Kepergiannya langsung memicu spekulasi mengenai siapa yang akan menggantikan posisinya. Secara prosedural, tugas Kepala Staf Umum untuk sementara diambil alih oleh deputinya, sembari menunggu keputusan resmi dari otoritas politik dan militer di Tripoli. Penunjukan pengganti tetap diperkirakan akan melalui proses yang sensitif dan penuh pertimbangan politik.
Namun yang membuat wafatnya al-Haddad begitu berdampak adalah perannya dalam Komite Militer Gabungan 5 + 5. Forum ini mempertemukan lima perwakilan militer dari kubu Tripoli dan lima perwakilan dari kubu timur yang dipimpin Khalifa Haftar, sebuah mekanisme langka di tengah konflik panjang Libya.
Sejak dibentuk pasca-gencatan senjata 2020, Komite 5 + 5 menjadi satu-satunya forum efektif yang mampu menjaga stabilitas relatif di garis depan konflik.

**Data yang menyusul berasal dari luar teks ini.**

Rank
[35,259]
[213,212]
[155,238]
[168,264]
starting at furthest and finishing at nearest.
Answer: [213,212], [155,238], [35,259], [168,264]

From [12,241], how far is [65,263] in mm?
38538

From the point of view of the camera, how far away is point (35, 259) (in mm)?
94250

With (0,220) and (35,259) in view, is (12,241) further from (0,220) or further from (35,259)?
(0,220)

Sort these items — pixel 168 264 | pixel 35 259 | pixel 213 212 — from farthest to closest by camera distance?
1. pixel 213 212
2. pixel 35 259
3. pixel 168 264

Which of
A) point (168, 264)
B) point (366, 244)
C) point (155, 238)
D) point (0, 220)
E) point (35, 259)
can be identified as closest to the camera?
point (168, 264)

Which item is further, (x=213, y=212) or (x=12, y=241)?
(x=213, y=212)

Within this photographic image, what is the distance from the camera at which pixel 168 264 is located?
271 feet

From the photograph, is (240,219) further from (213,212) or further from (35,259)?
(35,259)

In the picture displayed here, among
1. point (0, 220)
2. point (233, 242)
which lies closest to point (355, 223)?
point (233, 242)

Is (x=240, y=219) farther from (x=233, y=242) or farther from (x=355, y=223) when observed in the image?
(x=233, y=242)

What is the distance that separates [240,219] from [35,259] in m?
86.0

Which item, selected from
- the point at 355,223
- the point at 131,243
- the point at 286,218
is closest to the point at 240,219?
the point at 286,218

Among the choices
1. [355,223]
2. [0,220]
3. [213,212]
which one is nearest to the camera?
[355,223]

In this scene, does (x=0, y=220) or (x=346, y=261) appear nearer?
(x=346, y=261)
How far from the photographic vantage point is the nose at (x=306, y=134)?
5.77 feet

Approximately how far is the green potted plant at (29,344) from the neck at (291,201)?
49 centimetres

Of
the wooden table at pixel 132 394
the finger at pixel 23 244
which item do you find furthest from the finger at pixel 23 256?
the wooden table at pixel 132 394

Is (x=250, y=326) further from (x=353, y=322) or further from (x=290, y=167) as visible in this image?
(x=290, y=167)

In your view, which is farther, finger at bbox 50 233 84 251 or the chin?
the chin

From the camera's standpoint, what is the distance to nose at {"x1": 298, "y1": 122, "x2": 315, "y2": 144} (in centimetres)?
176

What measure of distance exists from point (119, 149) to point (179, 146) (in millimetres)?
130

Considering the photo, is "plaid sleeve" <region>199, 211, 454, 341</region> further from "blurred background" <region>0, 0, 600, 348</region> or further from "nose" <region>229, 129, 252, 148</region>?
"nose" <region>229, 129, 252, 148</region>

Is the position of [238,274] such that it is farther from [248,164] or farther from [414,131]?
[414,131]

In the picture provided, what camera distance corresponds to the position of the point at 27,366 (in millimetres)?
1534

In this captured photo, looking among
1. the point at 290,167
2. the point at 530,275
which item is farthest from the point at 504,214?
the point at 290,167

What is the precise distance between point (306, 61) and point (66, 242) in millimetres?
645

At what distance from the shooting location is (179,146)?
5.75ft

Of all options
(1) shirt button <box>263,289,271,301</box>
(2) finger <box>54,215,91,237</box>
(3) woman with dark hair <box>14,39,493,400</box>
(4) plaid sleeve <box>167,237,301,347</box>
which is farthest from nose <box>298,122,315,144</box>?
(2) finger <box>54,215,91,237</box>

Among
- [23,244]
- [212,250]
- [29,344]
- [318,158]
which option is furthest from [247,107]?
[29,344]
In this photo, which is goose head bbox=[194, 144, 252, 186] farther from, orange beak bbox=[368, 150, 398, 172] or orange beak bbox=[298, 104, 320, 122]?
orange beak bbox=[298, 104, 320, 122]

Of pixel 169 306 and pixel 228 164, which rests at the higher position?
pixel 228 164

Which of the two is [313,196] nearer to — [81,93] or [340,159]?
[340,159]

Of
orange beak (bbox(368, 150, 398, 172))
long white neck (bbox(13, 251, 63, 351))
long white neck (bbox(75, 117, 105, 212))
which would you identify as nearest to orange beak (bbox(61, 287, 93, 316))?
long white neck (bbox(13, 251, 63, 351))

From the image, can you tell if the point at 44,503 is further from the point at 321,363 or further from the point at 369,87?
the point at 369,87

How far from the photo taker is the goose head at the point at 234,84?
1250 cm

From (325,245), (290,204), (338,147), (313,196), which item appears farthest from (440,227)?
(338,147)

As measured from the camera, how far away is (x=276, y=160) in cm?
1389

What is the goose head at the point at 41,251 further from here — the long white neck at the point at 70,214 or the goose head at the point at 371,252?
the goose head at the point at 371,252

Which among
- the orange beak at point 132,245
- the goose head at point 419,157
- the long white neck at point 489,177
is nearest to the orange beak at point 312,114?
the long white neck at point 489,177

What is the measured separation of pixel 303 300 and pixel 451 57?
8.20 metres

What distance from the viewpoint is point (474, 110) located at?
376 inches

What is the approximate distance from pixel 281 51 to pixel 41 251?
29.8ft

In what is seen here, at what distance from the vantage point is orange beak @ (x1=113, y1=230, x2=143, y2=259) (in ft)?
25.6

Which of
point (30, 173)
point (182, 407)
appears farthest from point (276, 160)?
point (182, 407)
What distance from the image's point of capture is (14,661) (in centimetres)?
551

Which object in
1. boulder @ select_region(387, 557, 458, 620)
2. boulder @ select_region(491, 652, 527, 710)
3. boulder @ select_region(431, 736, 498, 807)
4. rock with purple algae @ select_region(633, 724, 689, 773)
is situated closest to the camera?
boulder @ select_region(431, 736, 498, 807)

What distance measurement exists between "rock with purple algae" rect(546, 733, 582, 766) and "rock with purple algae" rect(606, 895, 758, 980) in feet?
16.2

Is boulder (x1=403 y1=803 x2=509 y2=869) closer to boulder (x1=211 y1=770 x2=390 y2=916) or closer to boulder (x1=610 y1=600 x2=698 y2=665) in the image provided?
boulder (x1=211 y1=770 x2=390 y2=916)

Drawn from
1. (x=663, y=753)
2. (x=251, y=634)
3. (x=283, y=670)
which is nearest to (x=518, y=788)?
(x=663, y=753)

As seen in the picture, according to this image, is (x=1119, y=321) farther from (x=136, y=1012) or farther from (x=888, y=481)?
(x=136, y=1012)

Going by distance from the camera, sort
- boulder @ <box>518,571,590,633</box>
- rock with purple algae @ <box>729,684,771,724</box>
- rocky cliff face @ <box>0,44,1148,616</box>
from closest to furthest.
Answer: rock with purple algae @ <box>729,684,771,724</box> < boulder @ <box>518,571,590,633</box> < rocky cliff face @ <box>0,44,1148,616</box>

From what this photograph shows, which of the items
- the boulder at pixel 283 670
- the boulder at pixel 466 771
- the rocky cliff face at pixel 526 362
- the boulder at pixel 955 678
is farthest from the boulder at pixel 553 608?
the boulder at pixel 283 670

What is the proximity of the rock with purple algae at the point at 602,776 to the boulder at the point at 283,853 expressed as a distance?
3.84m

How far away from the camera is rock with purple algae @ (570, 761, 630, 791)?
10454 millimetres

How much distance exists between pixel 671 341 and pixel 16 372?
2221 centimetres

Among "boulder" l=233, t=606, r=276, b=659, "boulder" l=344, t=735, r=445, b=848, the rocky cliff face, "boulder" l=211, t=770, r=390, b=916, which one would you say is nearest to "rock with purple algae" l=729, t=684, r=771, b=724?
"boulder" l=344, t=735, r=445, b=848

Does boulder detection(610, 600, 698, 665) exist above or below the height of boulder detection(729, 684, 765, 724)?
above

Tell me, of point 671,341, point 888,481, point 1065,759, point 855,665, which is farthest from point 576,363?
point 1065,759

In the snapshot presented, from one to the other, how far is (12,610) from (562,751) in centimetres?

Al-Haddad dikenal sebagai figur yang konsisten mendorong dialog dalam forum ini, bahkan ketika tensi politik meningkat di tingkat pemerintahan.
Dalam berbagai pertemuan 5 + 5, al-Haddad menekankan pentingnya profesionalisme militer dan pemisahan tentara dari kepentingan politik sempit. Sikap ini membuatnya mendapat kepercayaan tidak hanya dari kubu Tripoli, tetapi juga dari sebagian perwira di pihak timur.
Hubungannya dengan Khalifa Haftar mencerminkan kompleksitas konflik Libya. Meski keduanya pernah berada di pihak yang saling berperang, al-Haddad mampu membangun hubungan kerja yang pragmatis, terutama dalam isu gencatan senjata dan penarikan tentara bayaran asing.
Belasungkawa terbuka yang disampaikan Haftar atas wafatnya al-Haddad menjadi sinyal penting. Pernyataan itu dibaca banyak pengamat sebagai pengakuan terhadap peran al-Haddad sebagai mitra dialog, bukan sekadar lawan militer.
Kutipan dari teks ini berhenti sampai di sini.